Your instructions: If a record holds a picture, drop the picture and copy everything else exactly.

________________________________________

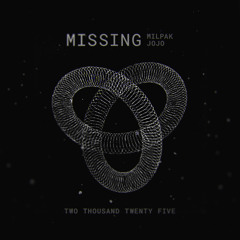 Milpak, JoJo - Missing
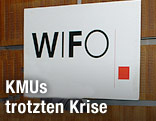 WIFO-Logo
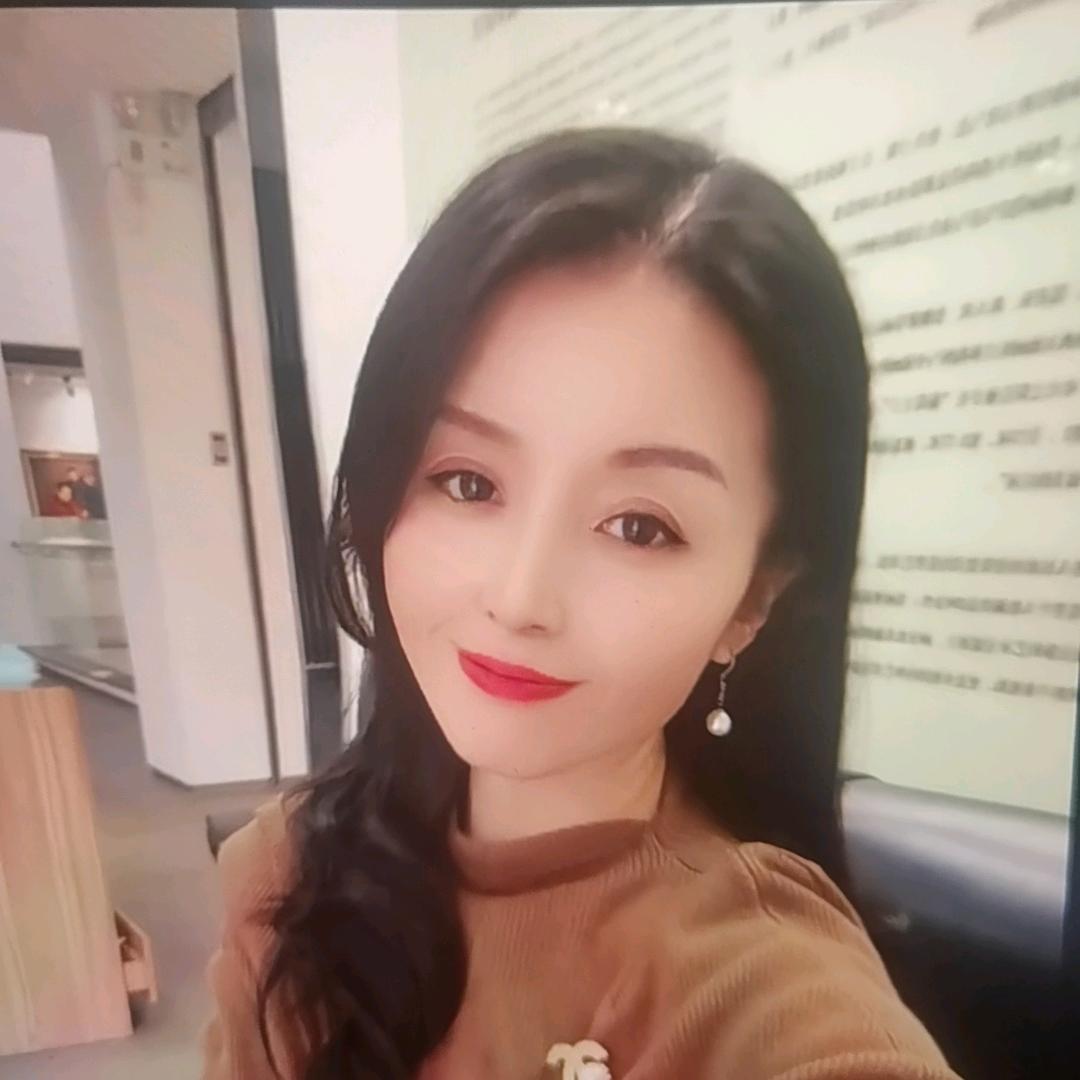 惠婷姐商贸行爆爆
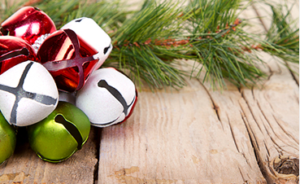 Holiday personal loans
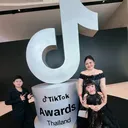 @momsu_sugus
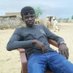 Ahmedibrahim Ibrahim (@ahmedibrah49132) Twitter profile photo Ahmedibrahim Ibrahim (@ahmedibrah49132) Twitter profile photo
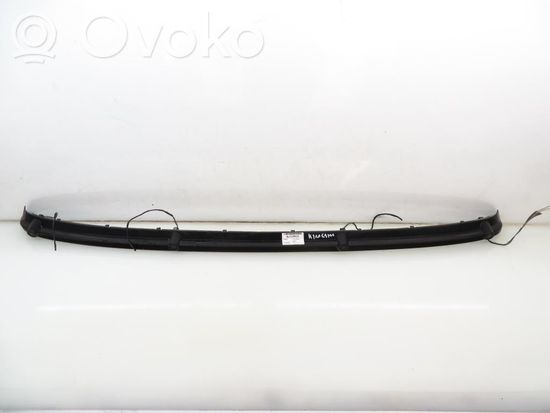 BMW 3 E46 Rear parking sensor holder (PDC) 51128227570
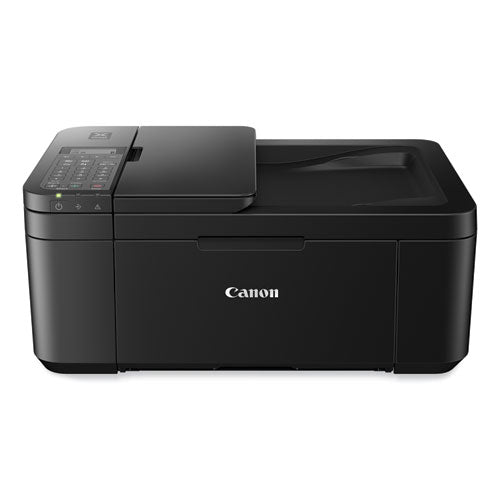PIXMA TR4720 All- in-One Printer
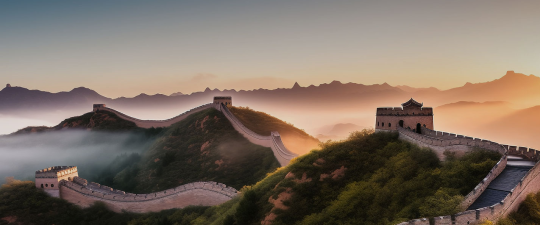 康定-首屏背景图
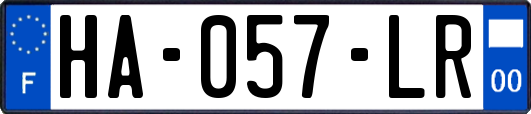 HA-057-LR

________________________________________

Answer box:
 Milpak, JoJo - Missing
 WIFO-Logo
 惠婷姐商贸行爆爆
 Holiday personal loans
 @momsu_sugus
 Ahmedibrahim Ibrahim (@ahmedibrah49132) Twitter profile photo Ahmedibrahim Ibrahim (@ahmedibrah49132) Twitter profile photo
 BMW 3 E46 Rear parking sensor holder (PDC) 51128227570
PIXMA TR4720 All- in-One Printer
 康定-首屏背景图
 HA-057-LR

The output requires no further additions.